Thus, in our data, cyl6 is the most important variable.

Multicollinearity

The variance inflation factors (VIF) function from the {car} package is used to calculate the variance-inflation and generalized variance-inflation factors for linear and generalized linear models.
Variables with 1 degree of freedom (in our case, am) are calculated with the usual VIF, whereas, variables with more than one degree of freedom are calculated with generalized VIF.
VIF for a single explanatory is obtained using the $R^2$ value of the regression of that variable against all other explanatory variables: $VIF_j = \frac {1}{1-R_j^2}$, where $VIF$ for variable $j$ is the reciprocal of the inverse of $R^2$ from the regression. - As a rule of thumb, if $VIF > 10$, then multicollinearity is high. For more info see this blog.

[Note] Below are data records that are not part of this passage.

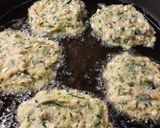 Fetás cukkini tócsni tzazikivel recept fázis 6 fotója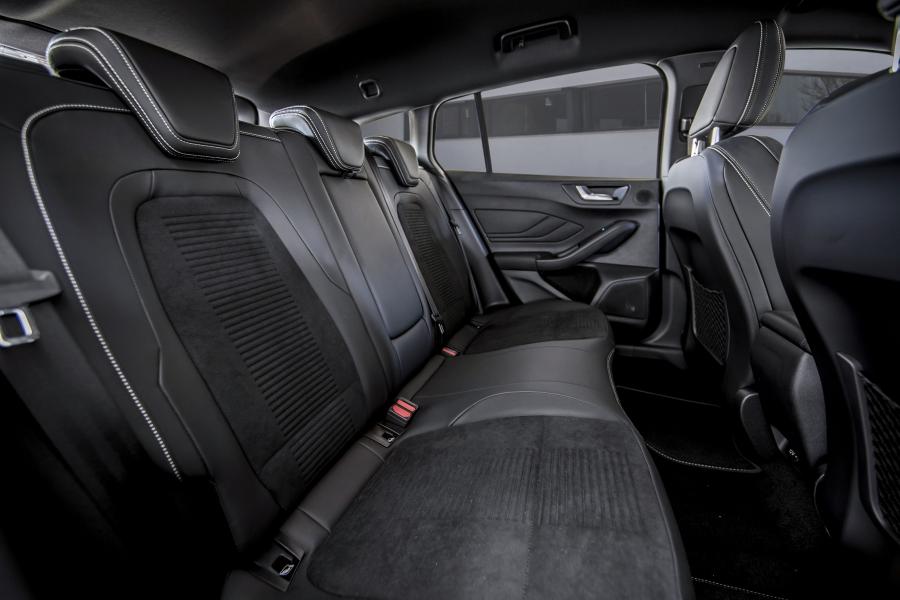 Интерьер Ford Focus ST Estate 2019 года  (WW) (фото 6 из 40)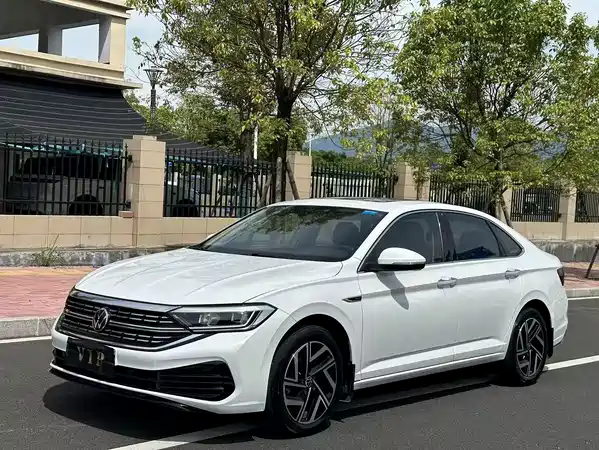 Volkswagen Sagitar 2022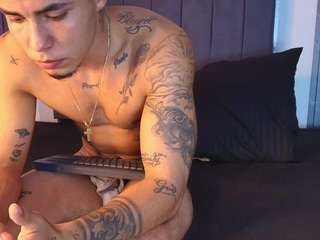 thomass-conor Sex Cam Show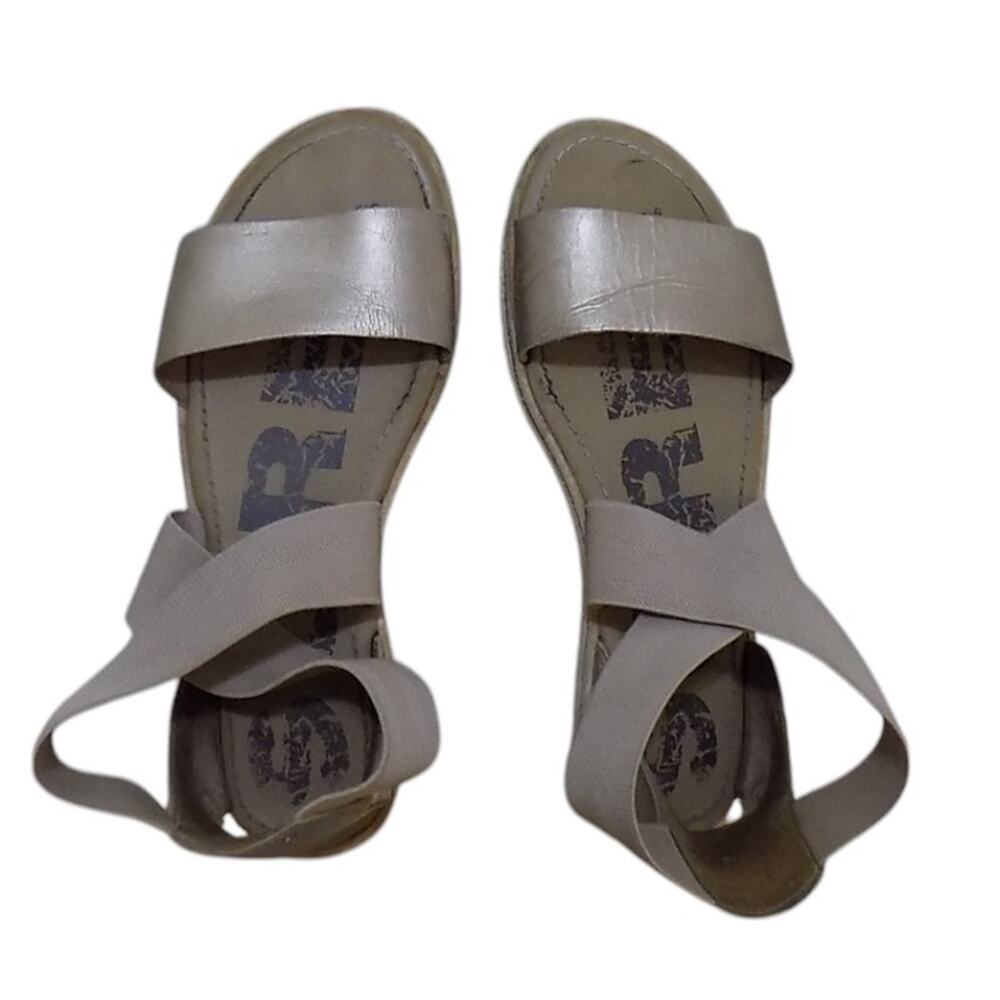 Sorel Sandal Women 6 Gold Ella‎ III Metallic Leather Summer Outdoor NL3202-204 - Picture 8 of 9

# Multicollinearity Test (Should be < 10)
# Check VIF of all the variables
data.table(vif(stepBIC)) %>%
  mutate_if(is.numeric, format, digits = 2, nsmall = 0) %>%
  kable(.) %>% 
  kable_styling(bootstrap_options = "striped", full_width = F)

GVIF	Df	GVIF^(1/(2*Df))
1.4	2	1.1
1.4	1	1.2

In our data, the variables scored very low for multicollinearity.

Autocorrelation

The Durbin-Watson statistic is a test for serial correlations between errors. It tests for the presence of autocorrelation (described as a relationship between values that is separated from each other by a given time lag) in the residuals (prediction errors) from a regression analysis.
The test varies between 0 and 4, with the value of 2 indicated uncorrelated variables. Greater than 2 is a negative correlation between adjacent residuals, whereas a value less than 2 is a positive correlation. If the score is less than 1, there may be cause for alarm.
If the $e_t$ is the residual associated with the observation at time $t$, then the test statistic is: $d = \frac{\sum_{t=2}^T (e_t - e_{t-1})^2 }{\sum_{t=1}^T e_t^2}$, where $T$ is the number of observations.

# Autocorrelation Test
durbinWatsonTest(stepBIC)

##  lag Autocorrelation D-W Statistic p-value
##    1       0.1227506      1.619958   0.144
##  Alternative hypothesis: rho != 0

In our data, the 1.6 D-W Statistic shows a small positive correlation, that is not statistically significant.

Normality of Residuals

The Shapiro-Wilk test is a test of normality, which utilizes the null hypothesis principle to check whether a sample $x_1,...x_n$ came from a normally distributed population: $W = \frac{(\sum_{i=1}^n a_ix_{(i)})^2 }{\sum_{i=1}^n (x_i - \overline x)^2}$, where $x(i)$ is the $ith$ order statistic (smallest number in the sample) and $\overline x = (x_1+...+x_n)/n$ is the sample mean and the $a_i$ are given by $(a_1,...,a_n) = \frac{m^TV^{-1}}{(m^TV^{-1}V^{-1}m)^{1/2}}$, where $m = (m_1,...m_n)^T$, and $m_1,...,m_n$ are the expected values of the order statistics of independent and identically distributed random variables sampled from the standard normal distribution, and $V$ is the covariance matrix of those order statistics.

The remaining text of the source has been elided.